Grains softened considerably with no announcement yet on a US/Chinese Ag deal.
May 14, 2026
The grain markets softened overnight, with losses accelerating early this morning after no comments were made about agricultural trade in the initial meetings between the US and China overnight. With high open interest loaded up and high expectations, this triggered profit-taking that fed on itself in the morning. Volatility may persist, as agricultural announcements could occur later this evening, which will be morning in China when more details could be released. But in the meantime, everybody’s trying to get out of long positions, which they had hoped to do on a price spike.
Export sales were also off considerably this week, with corn well under 1 MMT, given the pace corn has been at, a seasonal slowdown is not a surprise. Meanwhile, on Chinese trade, as is typical, chaos over expectations can still result in price bursts. Reality is that the market length is aging and entering a seasonality, where, if there is no crop threat, the trade gets into sell mode. Algo reading: computer trading accelerates movements that would typically take three days and manifests in one session. Look for more volatility ahead.
The House has approved legislation for year-round use of E-15, which is now headed to the Senate, where many expect this package could fail. On Friday, the NOPA will report another likely record crush at 11:00 a.m. CST.

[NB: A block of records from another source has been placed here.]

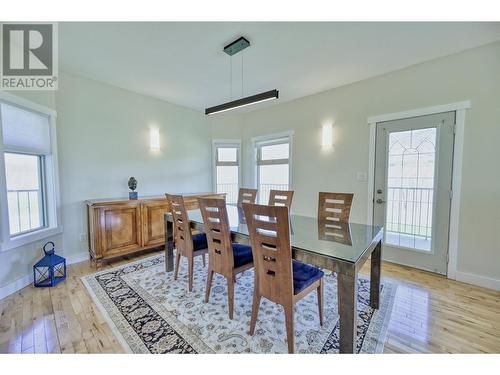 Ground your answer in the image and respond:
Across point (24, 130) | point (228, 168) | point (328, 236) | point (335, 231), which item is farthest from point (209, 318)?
point (228, 168)

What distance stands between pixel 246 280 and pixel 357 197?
6.99 feet

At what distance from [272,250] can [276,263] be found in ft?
0.31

Yesterday’s optimism ahead of the Chinese/US summit price strength may have created a monthly high, which will be marked on May 13. Kansas wheat hit 750; December corn made a new high at 506.2, with spot soybeans trading at 1235 and November at 1214. Price rallies from any positive Chinese trade announcements will have to be extremely positive to now get present prices to recover past these watermarks. Position yourself to achieve increased new-crop sales.
Today’s relaxed pricing is still well above what the industry has hedged in the general media chatter. Most of the world out there has already hedged off new crop beans near 11, new crop corn under 480, and wheat, well, we are still considerably above levels that the industry said could not be surpassed. We will look for volatility from potential Thursday night announcements to fill sell targets. Our sales targets will be readjusted in an updated email and text.
It was another strong performance yesterday in live and feeder cattle markets, after a rough start initially for feeder cattle. A higher cash trade developed Tuesday afternoon at 260, which helped live cattle lead the charge. A trade in Nebraska on Wednesday afternoon at 265 will be seen as positive for this morning start.
Yesterday’s feeder index declined again by $0.51 at $373.86 and may drop further today as recent one-day numbers of 362 will tug it lower. We are seeing strong pricing across the Midwest this week, with cattle now over 260. Whether cash highs are occurring or not will be seen next week, as procurement for Memorial Day weekend is taking place this week. A typical cash slide from a second-quarter high into June is $6-8, and the June board is currently trying to measure it.
Barring outside/stories (like China not renewing importer licenses for beef, but then renewing them yesterday), the discounts will remain a positive feature for the futures markets. August feeder cattle need to be back above 363 by Friday’s close to keep a weekly reversal on the charts recurring. There is a strong war currently between cash reality and the Future’s market anticipation, with heavy index ownership liquidating.